End-to-end autonomous driving systems map sensor data directly to control commands, but remain opaque, lack interpretability, and offer no formal safety guarantees. While recent vision-language-guided reinforcement learning (RL) methods introduce semantic feedback, they often rely on static prompts and fixed objectives, limiting adaptability to dynamic driving scenes.
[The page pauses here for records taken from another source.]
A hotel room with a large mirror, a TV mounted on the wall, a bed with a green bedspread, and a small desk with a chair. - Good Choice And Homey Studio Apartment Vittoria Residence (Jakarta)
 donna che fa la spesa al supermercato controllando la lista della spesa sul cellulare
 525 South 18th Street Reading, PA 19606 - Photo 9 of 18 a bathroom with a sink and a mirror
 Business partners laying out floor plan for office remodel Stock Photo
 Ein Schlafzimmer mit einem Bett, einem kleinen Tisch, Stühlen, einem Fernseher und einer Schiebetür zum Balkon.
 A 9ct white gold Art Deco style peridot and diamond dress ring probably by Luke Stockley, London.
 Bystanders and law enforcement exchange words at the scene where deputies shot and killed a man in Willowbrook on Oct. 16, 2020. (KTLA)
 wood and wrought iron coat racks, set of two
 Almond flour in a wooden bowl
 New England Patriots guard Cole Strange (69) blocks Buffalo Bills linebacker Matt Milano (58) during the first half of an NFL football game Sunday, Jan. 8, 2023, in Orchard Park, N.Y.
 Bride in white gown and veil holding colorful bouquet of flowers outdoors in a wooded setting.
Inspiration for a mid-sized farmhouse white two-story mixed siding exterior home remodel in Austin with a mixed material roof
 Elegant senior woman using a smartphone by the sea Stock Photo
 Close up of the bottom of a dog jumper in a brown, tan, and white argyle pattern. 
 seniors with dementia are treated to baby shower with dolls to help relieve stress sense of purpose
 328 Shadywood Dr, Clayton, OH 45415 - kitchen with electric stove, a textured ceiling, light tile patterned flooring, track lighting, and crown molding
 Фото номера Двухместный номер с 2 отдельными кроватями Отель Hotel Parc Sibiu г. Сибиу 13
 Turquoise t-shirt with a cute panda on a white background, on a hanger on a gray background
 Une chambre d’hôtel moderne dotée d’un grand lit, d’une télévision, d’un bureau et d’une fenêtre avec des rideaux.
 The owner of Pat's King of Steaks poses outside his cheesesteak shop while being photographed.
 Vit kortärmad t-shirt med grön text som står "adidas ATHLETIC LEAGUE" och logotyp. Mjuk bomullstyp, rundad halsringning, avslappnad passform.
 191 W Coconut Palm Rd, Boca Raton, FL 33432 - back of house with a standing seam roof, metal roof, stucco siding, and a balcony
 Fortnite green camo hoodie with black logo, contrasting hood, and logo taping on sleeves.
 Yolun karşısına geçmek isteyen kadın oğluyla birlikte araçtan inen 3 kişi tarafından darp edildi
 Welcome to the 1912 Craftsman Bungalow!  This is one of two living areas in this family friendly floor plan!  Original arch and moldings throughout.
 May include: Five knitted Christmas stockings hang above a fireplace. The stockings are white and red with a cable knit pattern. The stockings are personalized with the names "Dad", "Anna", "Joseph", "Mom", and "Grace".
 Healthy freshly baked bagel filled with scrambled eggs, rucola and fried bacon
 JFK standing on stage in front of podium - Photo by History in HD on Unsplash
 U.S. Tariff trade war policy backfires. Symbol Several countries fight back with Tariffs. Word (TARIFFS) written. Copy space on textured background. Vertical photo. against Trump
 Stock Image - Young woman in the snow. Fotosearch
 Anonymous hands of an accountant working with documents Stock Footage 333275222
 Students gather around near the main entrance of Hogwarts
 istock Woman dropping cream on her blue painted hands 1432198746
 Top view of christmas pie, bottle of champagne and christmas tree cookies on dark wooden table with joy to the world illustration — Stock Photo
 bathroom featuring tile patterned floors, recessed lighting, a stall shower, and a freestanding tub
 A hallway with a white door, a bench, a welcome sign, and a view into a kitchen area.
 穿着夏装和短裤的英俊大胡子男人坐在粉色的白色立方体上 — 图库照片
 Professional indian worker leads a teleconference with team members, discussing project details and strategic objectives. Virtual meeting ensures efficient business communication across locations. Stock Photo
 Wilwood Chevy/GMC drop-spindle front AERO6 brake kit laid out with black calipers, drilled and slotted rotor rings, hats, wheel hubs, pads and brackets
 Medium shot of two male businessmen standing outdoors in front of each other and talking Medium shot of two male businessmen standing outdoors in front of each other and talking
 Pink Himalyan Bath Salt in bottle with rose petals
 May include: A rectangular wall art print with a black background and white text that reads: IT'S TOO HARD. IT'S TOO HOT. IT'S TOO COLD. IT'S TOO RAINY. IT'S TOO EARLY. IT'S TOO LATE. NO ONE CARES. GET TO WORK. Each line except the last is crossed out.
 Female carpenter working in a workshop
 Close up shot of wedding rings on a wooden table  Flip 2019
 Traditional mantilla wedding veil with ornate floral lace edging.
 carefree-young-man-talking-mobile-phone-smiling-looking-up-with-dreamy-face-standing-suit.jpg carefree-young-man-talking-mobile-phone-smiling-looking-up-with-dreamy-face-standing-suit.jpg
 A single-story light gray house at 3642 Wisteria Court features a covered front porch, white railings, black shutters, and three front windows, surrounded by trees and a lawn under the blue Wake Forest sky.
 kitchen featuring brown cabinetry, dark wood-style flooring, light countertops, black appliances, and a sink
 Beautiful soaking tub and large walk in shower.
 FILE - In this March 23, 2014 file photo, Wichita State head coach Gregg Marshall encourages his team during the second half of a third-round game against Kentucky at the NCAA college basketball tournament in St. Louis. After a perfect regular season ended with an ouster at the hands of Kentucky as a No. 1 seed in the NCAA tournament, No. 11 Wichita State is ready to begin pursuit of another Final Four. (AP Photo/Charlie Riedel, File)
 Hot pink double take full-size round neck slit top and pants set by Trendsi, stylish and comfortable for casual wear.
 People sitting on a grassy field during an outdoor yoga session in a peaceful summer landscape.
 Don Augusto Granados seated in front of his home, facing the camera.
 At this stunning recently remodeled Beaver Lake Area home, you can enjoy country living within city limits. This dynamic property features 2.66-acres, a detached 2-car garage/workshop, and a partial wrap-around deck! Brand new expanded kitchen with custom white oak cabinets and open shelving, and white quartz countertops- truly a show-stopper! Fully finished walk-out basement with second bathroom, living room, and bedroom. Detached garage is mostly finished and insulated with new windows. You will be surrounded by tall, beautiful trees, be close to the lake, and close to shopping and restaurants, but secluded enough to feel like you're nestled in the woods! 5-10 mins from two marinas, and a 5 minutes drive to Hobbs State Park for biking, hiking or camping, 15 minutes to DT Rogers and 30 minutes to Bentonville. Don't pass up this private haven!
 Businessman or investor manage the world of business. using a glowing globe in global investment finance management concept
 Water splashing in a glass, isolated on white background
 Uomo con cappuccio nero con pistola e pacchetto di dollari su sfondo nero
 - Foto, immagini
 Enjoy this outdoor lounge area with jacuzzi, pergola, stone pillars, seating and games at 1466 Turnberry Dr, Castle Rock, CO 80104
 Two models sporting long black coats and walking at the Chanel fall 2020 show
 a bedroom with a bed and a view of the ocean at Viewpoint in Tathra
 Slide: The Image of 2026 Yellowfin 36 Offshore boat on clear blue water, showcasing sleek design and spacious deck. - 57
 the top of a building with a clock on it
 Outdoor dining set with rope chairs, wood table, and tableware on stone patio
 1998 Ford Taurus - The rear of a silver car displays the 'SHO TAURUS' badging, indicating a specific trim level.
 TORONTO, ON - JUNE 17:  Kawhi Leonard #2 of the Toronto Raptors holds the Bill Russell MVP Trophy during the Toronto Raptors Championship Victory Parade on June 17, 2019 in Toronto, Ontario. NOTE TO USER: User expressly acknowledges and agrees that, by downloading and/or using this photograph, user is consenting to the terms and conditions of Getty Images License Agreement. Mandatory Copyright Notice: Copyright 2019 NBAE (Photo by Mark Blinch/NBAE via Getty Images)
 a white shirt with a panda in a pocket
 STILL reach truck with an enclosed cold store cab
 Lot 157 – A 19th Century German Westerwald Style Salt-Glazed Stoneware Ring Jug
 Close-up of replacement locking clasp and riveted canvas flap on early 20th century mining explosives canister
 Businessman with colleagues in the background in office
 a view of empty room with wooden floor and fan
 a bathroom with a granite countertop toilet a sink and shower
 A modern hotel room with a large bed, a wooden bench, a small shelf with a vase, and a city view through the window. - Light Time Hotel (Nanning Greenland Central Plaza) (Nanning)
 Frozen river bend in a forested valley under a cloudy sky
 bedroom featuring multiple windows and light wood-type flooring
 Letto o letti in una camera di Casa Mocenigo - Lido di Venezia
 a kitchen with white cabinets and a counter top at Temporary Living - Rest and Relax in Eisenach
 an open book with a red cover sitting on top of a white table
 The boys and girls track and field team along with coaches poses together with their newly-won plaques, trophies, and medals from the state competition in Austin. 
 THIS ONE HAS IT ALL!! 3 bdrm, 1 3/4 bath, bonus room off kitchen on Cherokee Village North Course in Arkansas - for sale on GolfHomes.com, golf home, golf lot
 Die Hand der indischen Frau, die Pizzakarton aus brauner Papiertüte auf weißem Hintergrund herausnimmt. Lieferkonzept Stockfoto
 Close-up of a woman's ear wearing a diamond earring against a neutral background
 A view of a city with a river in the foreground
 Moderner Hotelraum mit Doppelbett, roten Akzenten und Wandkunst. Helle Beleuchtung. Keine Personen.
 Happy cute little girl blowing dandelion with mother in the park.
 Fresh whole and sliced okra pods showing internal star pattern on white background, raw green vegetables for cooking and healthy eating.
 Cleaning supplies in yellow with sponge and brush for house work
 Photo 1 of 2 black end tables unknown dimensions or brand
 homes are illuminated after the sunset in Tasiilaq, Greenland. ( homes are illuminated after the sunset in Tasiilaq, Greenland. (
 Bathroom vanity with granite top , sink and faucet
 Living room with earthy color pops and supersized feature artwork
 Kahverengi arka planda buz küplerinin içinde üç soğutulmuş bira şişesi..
We present DriveMind, a unified semantic reward framework that integrates: (i) a contrastive Vision-Language Model (VLM) encoder for stepwise semantic anchoring; (ii) a novelty-triggered VLM encoder-decoder, fine-tuned via chain-of-thought (CoT) distillation, for dynamic prompt generation upon semantic drift; (iii) a hierarchical safety module enforcing kinematic constraints (e.g., speed, lane centering, stability); and (iv) a compact predictive world model to reward alignment with anticipated ideal states. DriveMind achieves 19.4 +/- 2.3 km/h average speed, 0.98 +/- 0.03 route completion, and near-zero collisions in CARLA Town 2, outperforming baselines by over 4% in success rate. Its semantic reward generalizes zero-shot to real dash-cam data with minimal distributional shift, demonstrating robust cross-domain alignment and potential for real-world deployment.

Paper Structure

This paper contains 71 sections, 50 equations, 5 figures, 6 tables, 1 algorithm.

Figures (5)

  • Figure 1: Dual‑VLM architecture and reward pipeline of DriveMind: A static contrastive VLM encoder maps each bird’s-eye-view image $\psi(s_t)$ to a fixed semantic embedding $v_t$, while a novelty detector asynchronously triggers a dynamic VLM encoder-decoder to update “present” and “ideal” prompt embeddings $(u^P_t,u^I_t)$ via distilled GPT‑4 chain-of-thought. These embeddings feed into the Reward Combiner, yielding (i) Adaptive Ideal-State Contrastive Reward, (ii) Hierarchical Vehicle-State Fusion Reward, and (iii) Predictive Contrastive Foresight Reward.
  • Figure 2: Sample ground-truth labels from GPT-4 teacher for chain-of-thought distillation in dynamic VLM: Examples from (i) a quiet residential street and (ii) a tight urban intersection. Each shows a bird’s-eye-view scene and the generated outputs: Scene Overview, Risk Assessment, Guidance Summary, and the present and ideal prompts used as distillation targets for producing the Adaptive ideal-State Contrastive Reward (AICR).
  • Figure 3: System, Training, and Inference Prompts used for Chain-of-Thought Distillation and Dynamic VLM Fine-Tuning.
  • Figure 4: Three driving scenarios illustrating how chain-of-thought prompting structures semantic reward generation. Each box shows the CoT breakdown which includes: Scene Overview, Risk Assessment, and Guidance Summary, followed by the negative “present Prompt” and positive “ideal Prompt” used to compute the Adaptive ideal-State Contrastive Reward.
  • Figure 5: DriveMind Training Dynamics over 1M Timesteps.Top row (red): Collision statistics, the cumulative number of collisions (collision_num), instantaneous collision rate (collision_rate), and the average interval between collisions (collision_interval). Middle row (orange): Driving performance metrics, number of completed routes per episode (routes_completed), average speed (avg_speed), and mean lateral deviation from lane center (avg_center_dev). Bottom row (pink): Learning signals, the total episodic reward (total_reward), mean per-step reward (mean_reward), and the SAC critic’s Bellman-error loss (critic_loss).